** Data supplied follows **
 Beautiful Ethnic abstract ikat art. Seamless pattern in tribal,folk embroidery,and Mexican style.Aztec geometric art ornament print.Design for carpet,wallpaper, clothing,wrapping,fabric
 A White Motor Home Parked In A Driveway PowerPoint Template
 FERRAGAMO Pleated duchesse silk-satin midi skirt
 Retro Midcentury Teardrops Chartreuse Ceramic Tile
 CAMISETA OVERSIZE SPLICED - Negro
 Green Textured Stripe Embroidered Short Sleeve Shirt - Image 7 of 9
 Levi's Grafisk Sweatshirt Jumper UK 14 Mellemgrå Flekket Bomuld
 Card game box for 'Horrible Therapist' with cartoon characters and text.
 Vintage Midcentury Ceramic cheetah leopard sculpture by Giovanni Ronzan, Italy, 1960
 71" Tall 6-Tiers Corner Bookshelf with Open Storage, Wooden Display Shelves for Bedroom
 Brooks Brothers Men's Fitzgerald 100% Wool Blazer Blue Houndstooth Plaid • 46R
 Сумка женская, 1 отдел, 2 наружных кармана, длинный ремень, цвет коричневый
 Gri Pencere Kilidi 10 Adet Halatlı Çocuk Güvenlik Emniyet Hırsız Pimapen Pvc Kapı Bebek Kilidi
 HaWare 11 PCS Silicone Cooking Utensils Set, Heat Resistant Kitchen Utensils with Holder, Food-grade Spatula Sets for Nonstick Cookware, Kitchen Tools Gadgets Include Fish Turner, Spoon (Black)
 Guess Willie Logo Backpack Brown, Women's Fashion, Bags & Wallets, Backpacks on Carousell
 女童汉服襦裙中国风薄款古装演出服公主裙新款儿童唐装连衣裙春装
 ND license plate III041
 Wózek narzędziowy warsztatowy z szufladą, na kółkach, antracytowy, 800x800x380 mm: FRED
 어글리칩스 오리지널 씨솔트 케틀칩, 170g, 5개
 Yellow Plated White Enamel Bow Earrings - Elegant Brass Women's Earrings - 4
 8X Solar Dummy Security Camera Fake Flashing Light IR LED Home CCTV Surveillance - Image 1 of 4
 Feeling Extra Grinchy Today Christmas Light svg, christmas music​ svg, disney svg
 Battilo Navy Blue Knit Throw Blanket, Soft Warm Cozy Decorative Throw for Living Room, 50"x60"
** End of Data supplied **
Task goal ▸ One stretch of the lines above is wanted, from the line that contains "Vintage Midcentury Ceramic" through the line that contains "Gri Pencere Kilidi". Output it exactly.

Exercise result ▸
 Vintage Midcentury Ceramic cheetah leopard sculpture by Giovanni Ronzan, Italy, 1960
 71" Tall 6-Tiers Corner Bookshelf with Open Storage, Wooden Display Shelves for Bedroom
 Brooks Brothers Men's Fitzgerald 100% Wool Blazer Blue Houndstooth Plaid • 46R
 Сумка женская, 1 отдел, 2 наружных кармана, длинный ремень, цвет коричневый
 Gri Pencere Kilidi 10 Adet Halatlı Çocuk Güvenlik Emniyet Hırsız Pimapen Pvc Kapı Bebek Kilidi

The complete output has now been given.